展覧会「写真と絵画−セザンヌより 柴田敏雄と鈴木理策」
「ジャム・セッション」は、アーティゾン美術館のコンセプト「創造の体感」を体現する展覧会。作家と同館の学芸員が共同し、石橋財団コレクションの特定の作品からインスパイアされた新作や、コレクションとアーティストの作品のセッションによって生み出される新たな視点による展覧会をつくることを目指している。
3回目となる今回は、写真家の柴田敏雄と鈴木理策がその活動の初期より関心を寄せ続けていたポール・セザンヌを起点に、現代の写真作品と絵画の関係を問う。
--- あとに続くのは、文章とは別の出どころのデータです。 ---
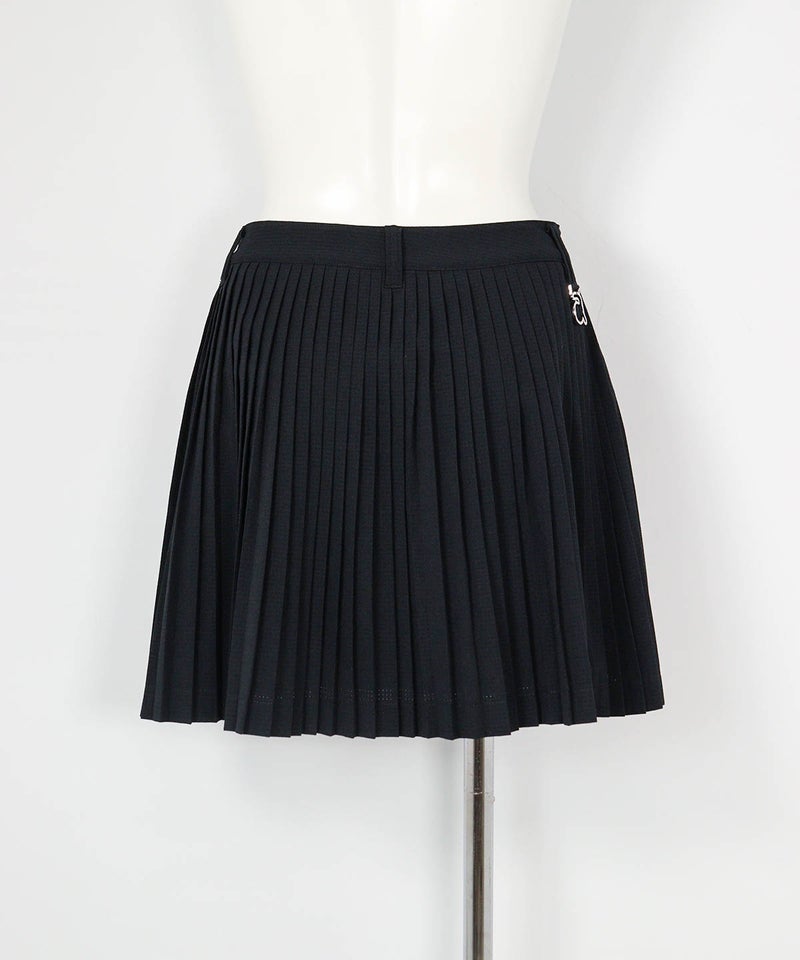 パックプリーツ通気速乾スカート(ブラック)後ろ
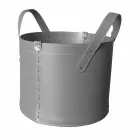 Zylindrischer Holzhalter aus regeneriertem Leder mit Tonda Firestyle Rädern Viadurini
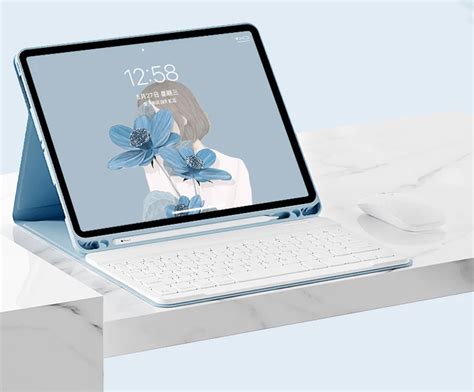 Чехол с магнитной клавиатурой для iPad Air 4 3 2 1, чехол 2022, 7, 8 ...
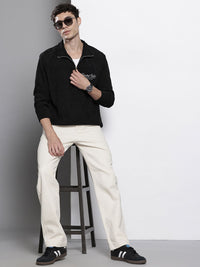 The Indian Garage Co Typography Printed Corduroy Sweatshirt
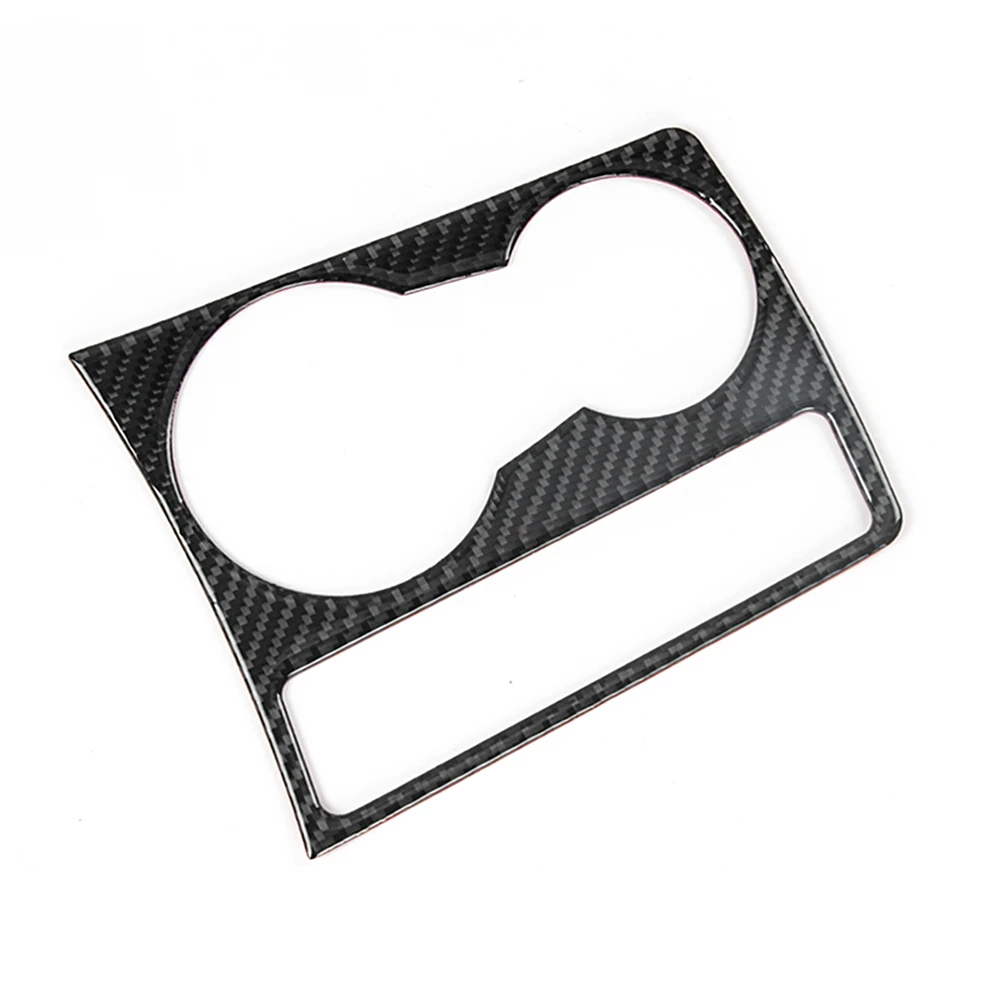 Автомобильный 3D держатель для стакана из углеродного волокна декоративная рамка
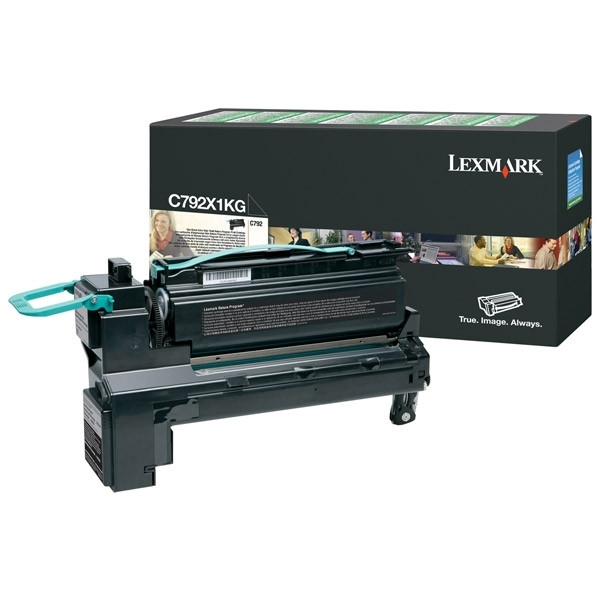 Lexmark C792X1KG svart toner hög kapacitet (original) C792X1KG 037154 - 1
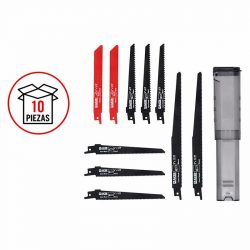 JUEGO SIERRAS SABLE 10 PCS AICER AC1825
柴田は1949年東京生まれ。東京藝術大学大学院油画専攻修了後、ベルギーのゲント市王立アカデミー写真科に入り、写真を本格的に開始。日本各地のダムやコンクリート擁壁などの構造物のある風景を大型カメラで撮影、精緻なモノクロプリントで発表し、2000年代からはカラーの作品にも取り組み始めるなど、その表現の領域を広げている。
鈴木は1963年和歌山県新宮市生まれ。東京綜合写真専門学校研究科卒業。地理的移動と時間的推移の可視化を主題にシークエンスで構成した第一写真集『KUMANO』を1998年に刊行して以来、一貫して「見ること」への問題意識に基づき、熊野、サント=ヴィクトワール山、桜、雪、花、ポートレイト、水面といったテーマで撮影を続け、展覧会や写真集により作品発表を重ねている。
本展は6つのセクションで構成し、柴田と鈴木による新作・未発表作品約130点を含む約240点と、石橋財団コレクションからセザンヌの作品をはじめとする約40点、計280点を超える作品を展示。セザンヌだけでなく、柴田は藤島武二やアンリ・マティス、ピート・モンドリアン、いっぽう鈴木はギュスターヴ・クールベやクロード・モネ、ピエール・ボナールといった絵画の視点を織り交ぜることで、両作家が「写真」を通じて提示する、作品の特異性とその魅力を紹介する。